Pictures are not part of the copy; retype all the records below exactly.

------------------------------------------------------------

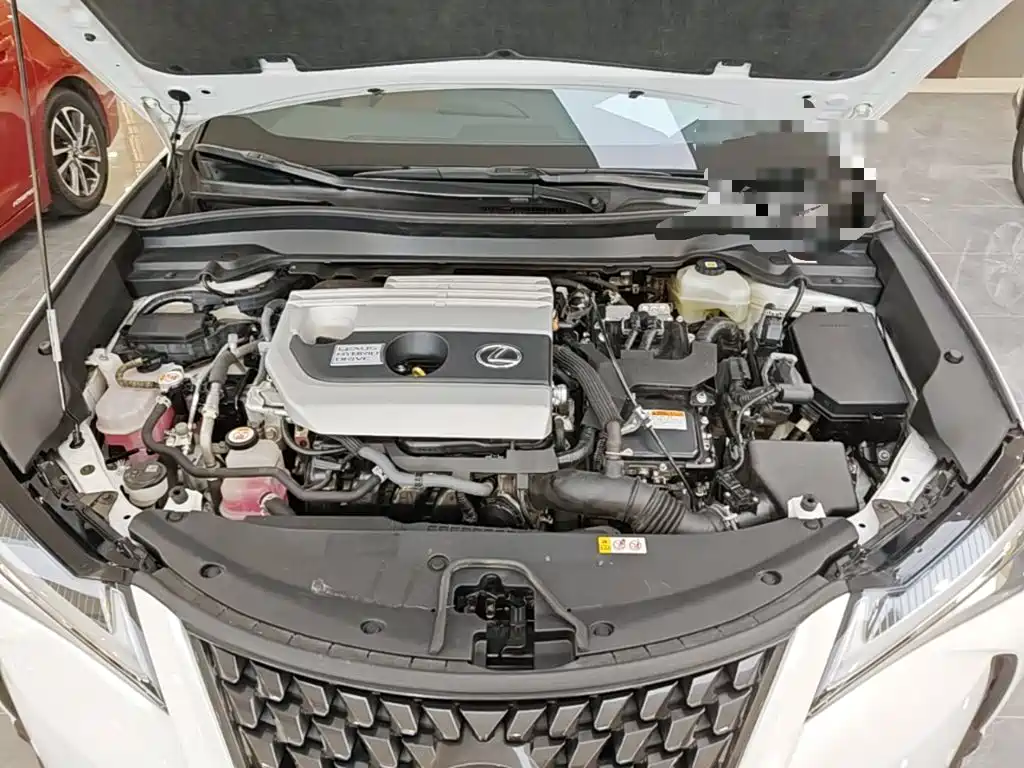 Lexus UX 2021 2020 260h Explore Cool Edition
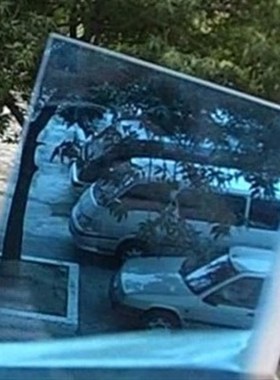 蓝色亚克力板1o5cm*20cm厚5mm尺寸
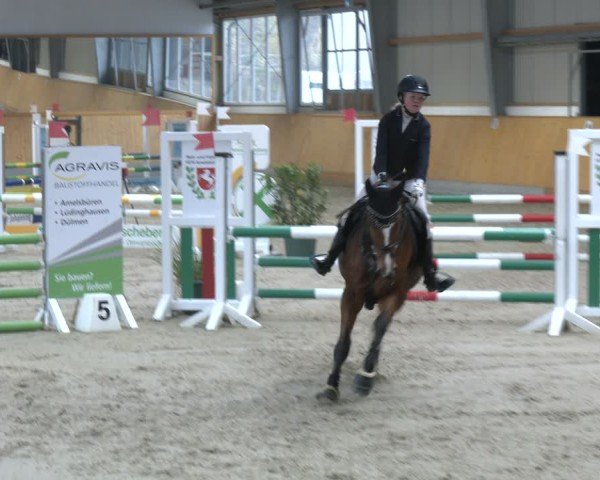 Reitturnier Münster-Amelsbüren 2025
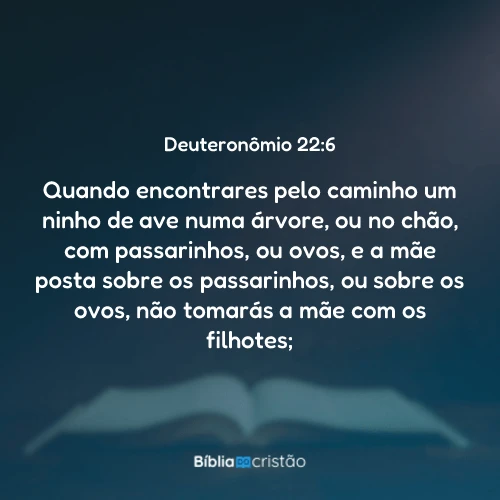 Deuteronômio 22:6
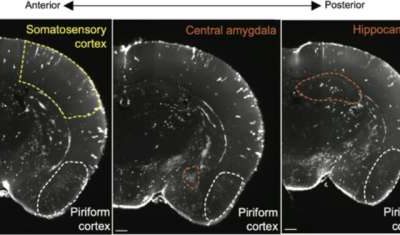 Neurons in mouse piriform cortex aid in recurrent circuit development, study finds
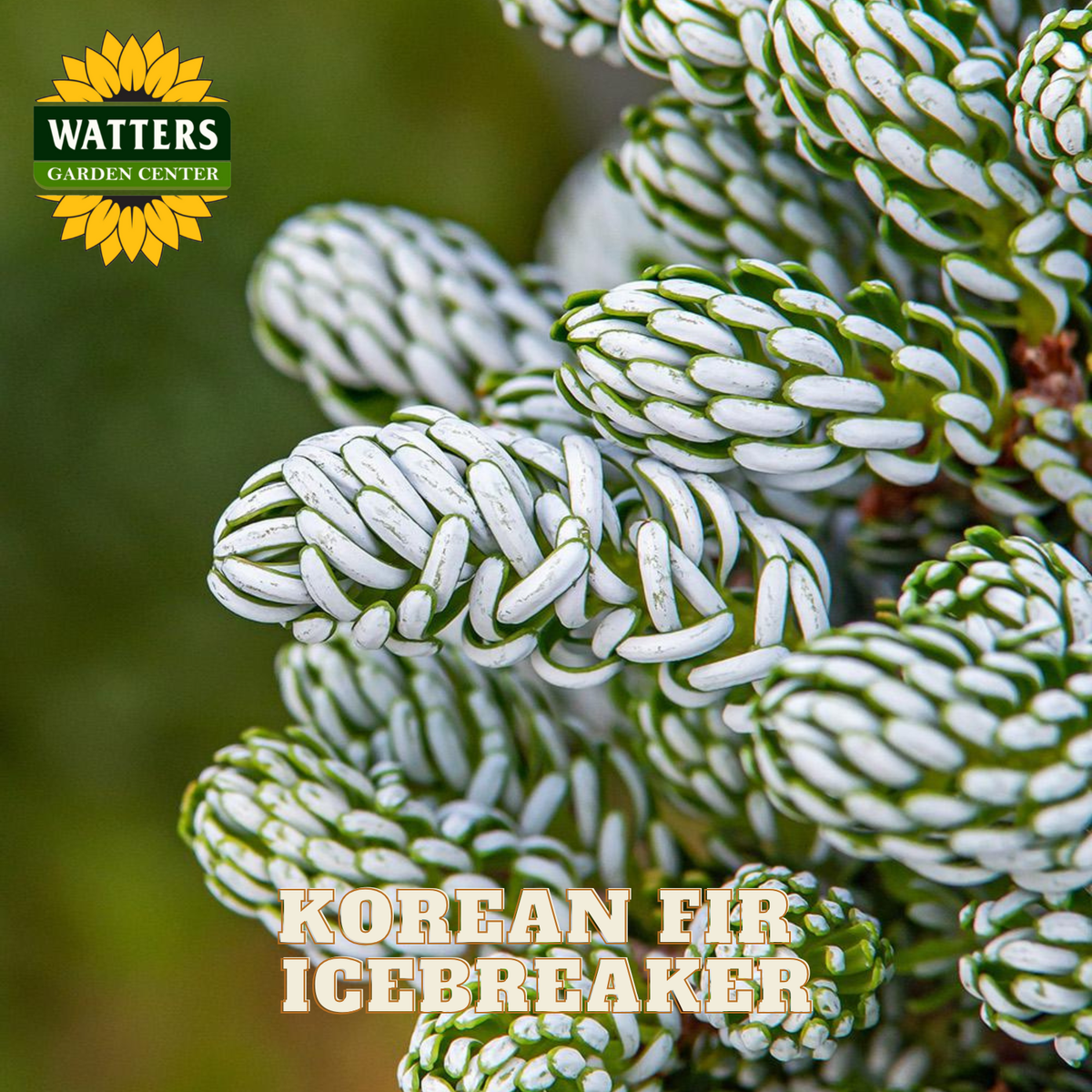 Korean Fir Icebreaker with Watters Garden Center branding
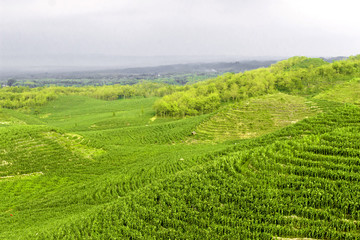 Landscape Gunung bagus, Wonosari, Yogyakarta, Indonesia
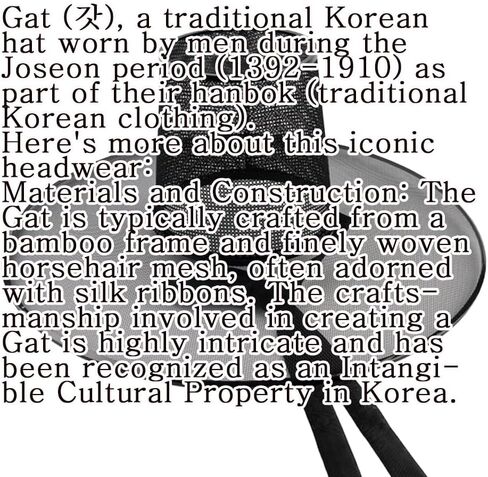 Korean Jeoseung saja boys GAT Korea Traditional Yangban HAT Special Costume for men in Saudi Arabia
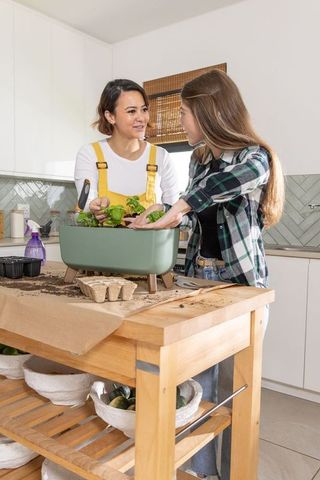Two women planting herbs on kitchen island in sunlit modern kitchen with wooden workbench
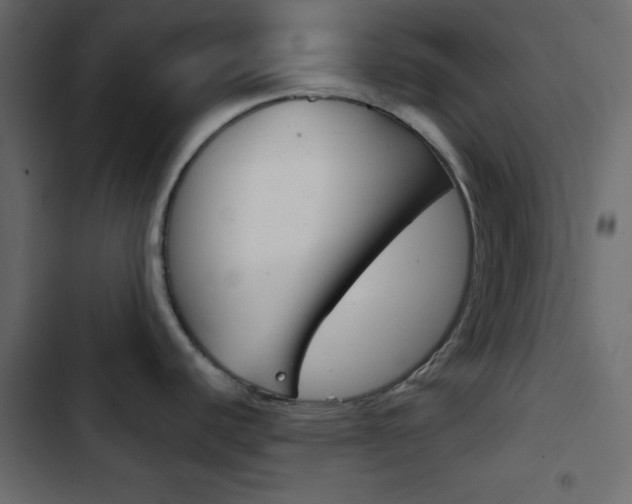 X0000103901440200809191045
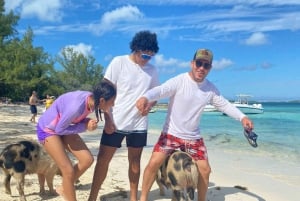 Excursión a las 3 islas de Rose Island,🚤Snorkel,🐠Tortugas,🐢 Cerdos 🐖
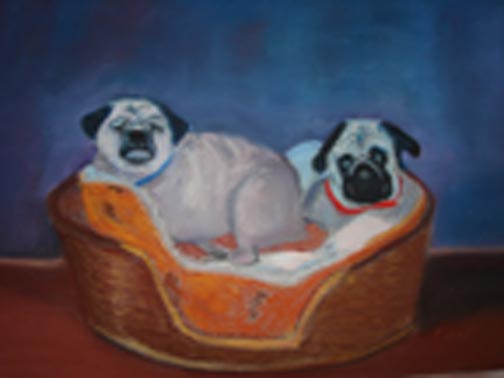 pugs
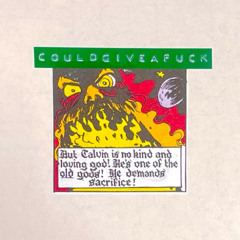 couldgiveafuck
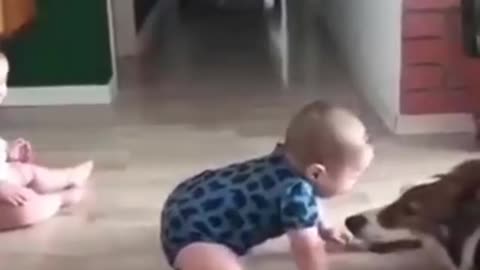 cutest baby playing with dog - cuteness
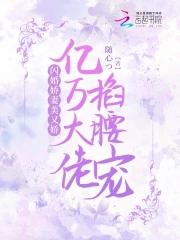 闪婚闪来亿万豪宠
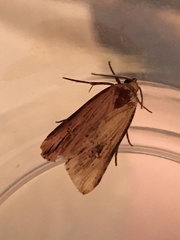 Crambodes talidiformis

------------------------------------------------------------

> **TASK RESPONSE**:
 Lexus UX 2021 2020 260h Explore Cool Edition
 蓝色亚克力板1o5cm*20cm厚5mm尺寸
 Reitturnier Münster-Amelsbüren 2025
 Deuteronômio 22:6
 Neurons in mouse piriform cortex aid in recurrent circuit development, study finds
 Korean Fir Icebreaker with Watters Garden Center branding
 Landscape Gunung bagus, Wonosari, Yogyakarta, Indonesia
 Korean Jeoseung saja boys GAT Korea Traditional Yangban HAT Special Costume for men in Saudi Arabia
Two women planting herbs on kitchen island in sunlit modern kitchen with wooden workbench
 X0000103901440200809191045
 Excursión a las 3 islas de Rose Island,🚤Snorkel,🐠Tortugas,🐢 Cerdos 🐖
 pugs
 couldgiveafuck
 cutest baby playing with dog - cuteness
 闪婚闪来亿万豪宠
 Crambodes talidiformis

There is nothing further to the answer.